Guardians of the Galaxy Vol 2

Guardians 2 feels like it lost the attention battle to Thor: Ragnarok and Spider-Man: Homecoming in 2017, and that's a shame. What you have here is a rich story about characters coming to terms with their fathers legacies and of learning not to glorify the past too much.

Sure, it's wrapped up in an action comedy piece of spectacle, but it also manages to deftly balance hilarity, action and heartwarming feels. This is a superhero movie that's ultimately about how sometimes family are the people you choose, not the people you're stuck with.

Plus, the soundtrack is incredible. From George Harrison to Cat Stevens, I still listen to this soundtrack weekly.

The Florida Project

Walt Disney World is the happiest place on earth, it's where people from all over the world travel to spend thousands of dollars on a week of bliss. Yet, just a couple blocks down the road is extreme poverty. This dichotomy is always in the background of The Florida Project, which follows a couple of kids who have parents that are just scraping by in the rundown motels outside of Disney World.

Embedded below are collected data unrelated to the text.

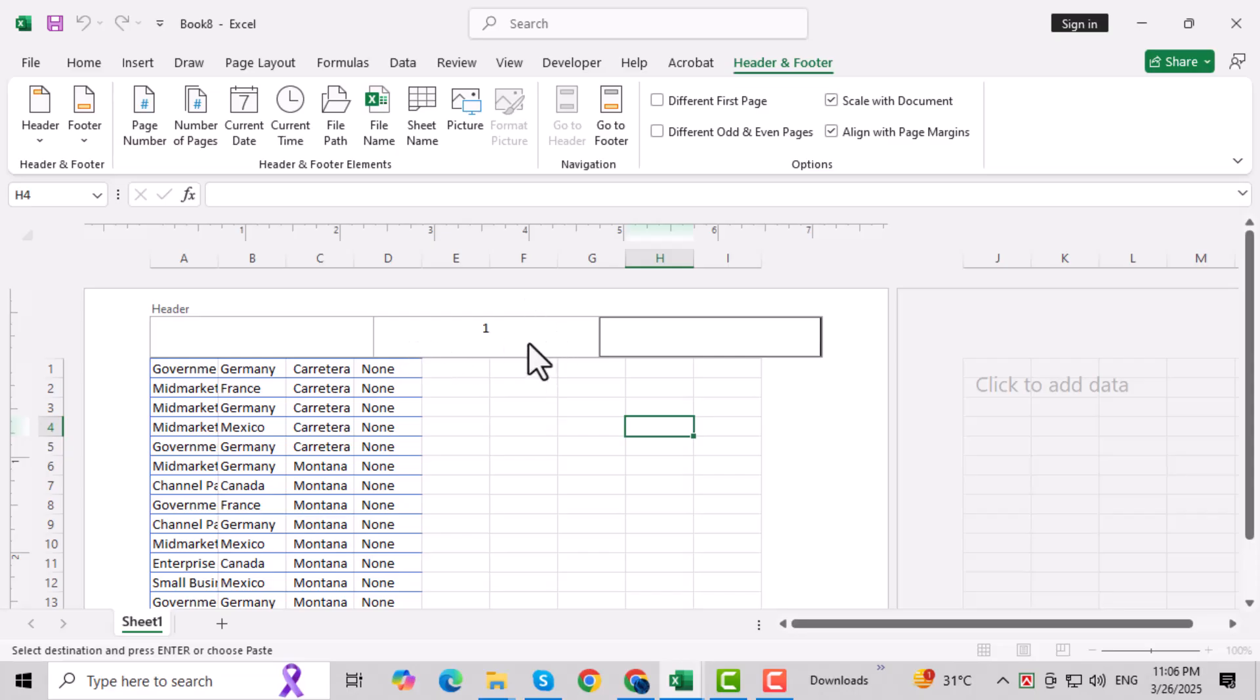Step 3: Click inside the header area at the top of the page. If there's any text or data there, simply press the Delete key on your keyboard. This will instantly remove the header.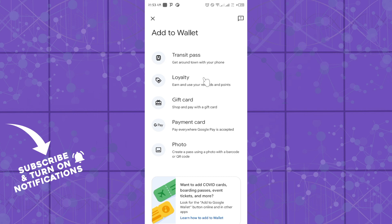That is everything on adding cards to your Google Wallet application. See you in the next video. Before we go, please subscribe to the YouTube channel and turn on the notification icon to get more updated content like this.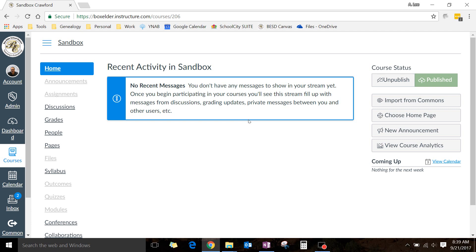I'm going to show you how to add an Observer within Canvas. Observer is a really nice role for you to share.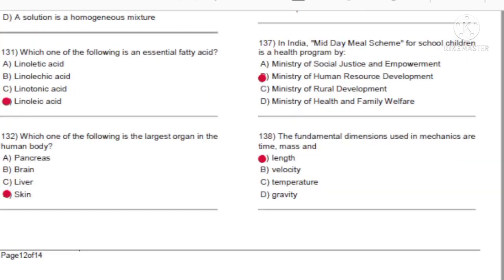Question 137: In India, the Midday Meal Scheme for school children is a health program by: A) Ministry of Social Justice and Empowerment. B) Ministry of Human Resource Development. C) Ministry of Rural Development. D) Ministry of Health and Family Welfare. Answer: B, Ministry of Human Resource Development.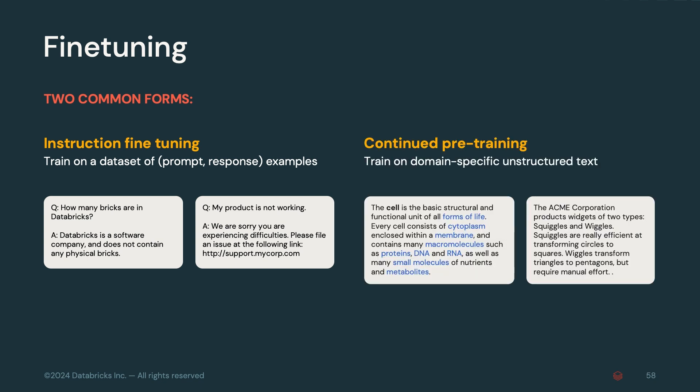On the other hand, continued pre-training teaches the model new knowledge within a large corpus of unstructured text. For instance, we could specialize a model to become an expert in cellular biology by training on a biology textbook. Or a company might train a specific model to explain the nuances of their product offerings with their own proprietary documentation.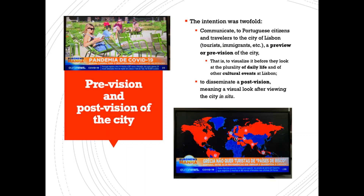Pre-vision and post-vision of the city. The intention was two-fold: first, to communicate to Portuguese citizens and travelers to Lisbon — tourists, immigrants, etc. — a preview or pre-vision of the city, that is, to visualize it before they look at the plurality of daily life and other cultural events at Lisbon; second, to disseminate a post-vision, meaning a visual look after viewing the city in situ.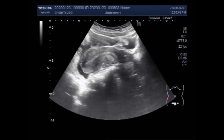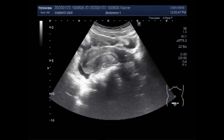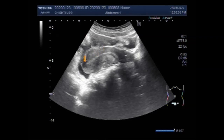You can see the uterus. This is the uterus. This is the cervix and this is the urinary bladder.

That's the dichotomy in the foreground. The innocense of childhood with a backdrop of parents who are making decisions, sometimes terrible, to try to allow us to live our childhoods. These dual dichotomies really underline the sadness at the heart of The Florida Project, but it's not an outright sadness.

The best way to describe how this movie feels is a rickety bridge. It looks like it could need some help, but it's still solid enough to keep going with the bare minimum. As you move across it, and as the movie continues, that bridge starts to get real shaky. It feels like the bolts are coming off, hinges are bending and you could fall into the river below at any moment.

Call Me by Your Name

"Nature has a cunning way of finding our weakest spot." Man, this movie has a way of finding its way into you. It's a film about first romance and self discovery, but it feels almost like a dream, or a lazy summer day. You have 17-year-old Elio falling in love with his dad's 24-year-old student, and his gradual discovery and acceptance of who he is and what he wants is something else to watch.

That's down to how incredible Timothee Chalamet is in this as a 17-year-old who isn't quite sure how to handle what he wants. He knows what he wants, but he's in this weird place about it. He both wants to go for it and not go for it at the same time, and that stop-start emotion is hard to convey, but Chalamet does it effortlessly. It's hard not to watch him here and expect him to crank out genius performances for the rest of his career.

Logan

What do you think of when you think of superhero movies? Because Logan takes all of that and throws it in the trash. Logan comes across as a western, or an old samurai movie, rather than a superhero movie. It could easily be the story of a dying man in a world that's left behind, finding out how to care about the daughter he never thought he knew. The fact that Logan, aka Wolverine, is a former X-Man in a future where mutants are hunted down and killed is background noise.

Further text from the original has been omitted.